TEMPO Interaktif, Jakarta:Abdurrahman Wahid menempuh jalur hukum menghadapi somasi dari LBH Jakarta tentang gugatan eks tahanan politik (tapol). "Mereka itu sebenarnya salah alamat. Wong saya sudah bela mereka mati-matian sejak tahun 1970,"ujar Wahid kepada wartawan di kediamannya, Ciganjur, Jakarta Selatan hari ini (17/3).

Tuntutan somasi yang dilayangkan pihak LBH Jakarta tersebut, menurut Wahid, seharusnya ditujukan kepada mantan Presiden Suharto dan BJ Habibie. "Dalam surat kuasa eks tapol yang salah satunya adalah Pramoedya, tidak disebutkan nama saya. Kok LBH Jakarta mengirim somasi ke saya," ujarnya.

Lembaga Bantuan Hukum Jakarta (LBH) sebelumnya menerima surat kuasa dari beberapa eks tapol pada tanggal 14 September 2004. Mereka segera menindaklanjuti dengan mengirim surat somasi kepada Abdurrahman Wahid pada tanggal 10 Januari 2004 dengan Surat no.036/SK/LBH/I/2005. "Saya dikira tidak memperjuangkan hak-hak mereka,"ujar Gus Dur.

Pihak kuasa hukum yang ditunjuk Gus Dur yakni LKBH UI (Lembaga Konsultasi Bantuan Hukum UI) segera melayangkan surat ke LBH jakarta pada tanggal 16 Februari 2005. "Sampai sekarang tidak ada jawaban dari LBH Jakarta," ujar Chudry Sitompul, pengacara Gus Dur.

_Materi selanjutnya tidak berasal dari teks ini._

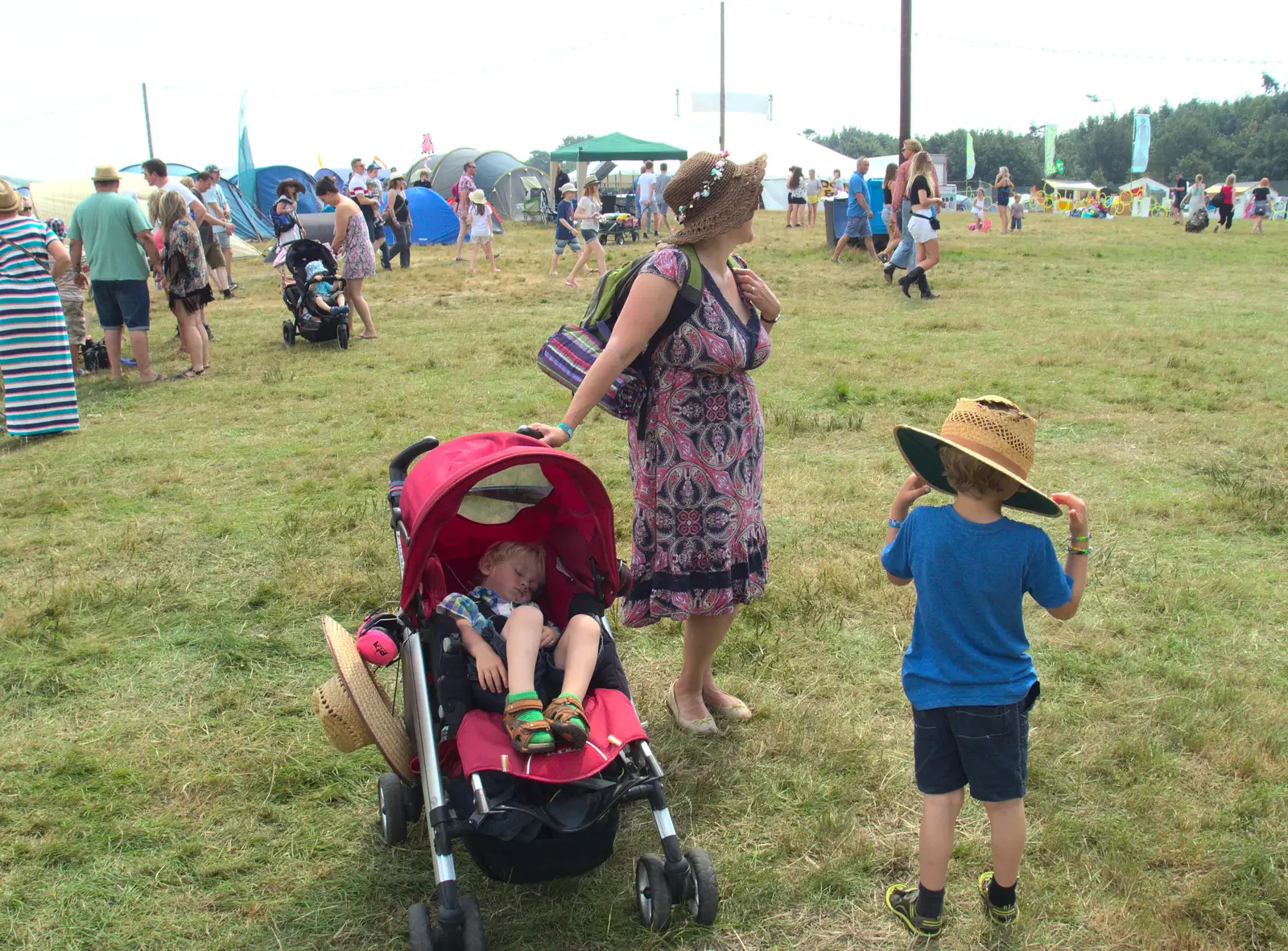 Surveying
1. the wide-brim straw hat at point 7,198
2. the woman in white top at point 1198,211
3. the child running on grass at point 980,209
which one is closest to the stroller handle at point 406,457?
the wide-brim straw hat at point 7,198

Terkait pemeriksaan polisi itu, Chudry menyatakan pihaknya terpaksa menempuh jalur hukum. "Jadi beliau diperiksa sebagai saksi pelapor saja. Harusnya beliau yang datang ke Polda. Tetapi karena kondisi beliau yang sakit, merekalah yang datang," ujar Chudry.

Chudry tidak mau menyebutkan tim penyidik dari kepolisian yang mendatangi rumah Gus Dur ini. "Pokoknya dari Reserse Kriminal Polda Metro saja," ujarnya.

Eks Tapol yang disebutkan dalam surat kuasa itu ada sembilan orang, salah satunya Pramoedya Ananta Toer, budayawan. "Saya kurang yakin Pramoedya ikut. Buktinya tanda tangan dia di surat kuasa tidak ada. Saya cukup dekat dengan Pram. Yayasan Pram itu khan salah satu pendirinya saya juga,"ujar Gus Dur.

Nama-nama eks tapol yang disebut dalam surat kuasa yakni Nani Nurani (wiraswasta), Mbong Sudiyatmo (eks AL), Dadang (wiraswasta), Hargono (wiraswasta), Marwoto (eks PNS), Harifin Hani (eks PNS), Pramoedya Ananta Toer (budayawan), Syafei Simatupang, dan Purnaningsih. "Saya tidak senang, merasa terganggu. Sudah ditolong kok gitu. Kalau sembilan nama itu saya enggak peduli. Istilahnya saya enggak gaul dah. Tetapi yang lain-lain mendengar itu bisa marah," ujar Gus Dur.

Menurut Gus Dur, dr.Ribka Ciptaning Proletariati mengeluarkan buku keduanya ''PKI Jadi Anggota Parlemen'' pun dia bersedia menghadiri dan memberikan kata pengantar di bukunya itu. Somasi balik tersebut merupakan upaya menepis isu yang beredar di masyarakat. Soalnya, menurut Wahid melekatnya anggapan sampai anak cucu bahwa dirinya memandang PKI tidak benar.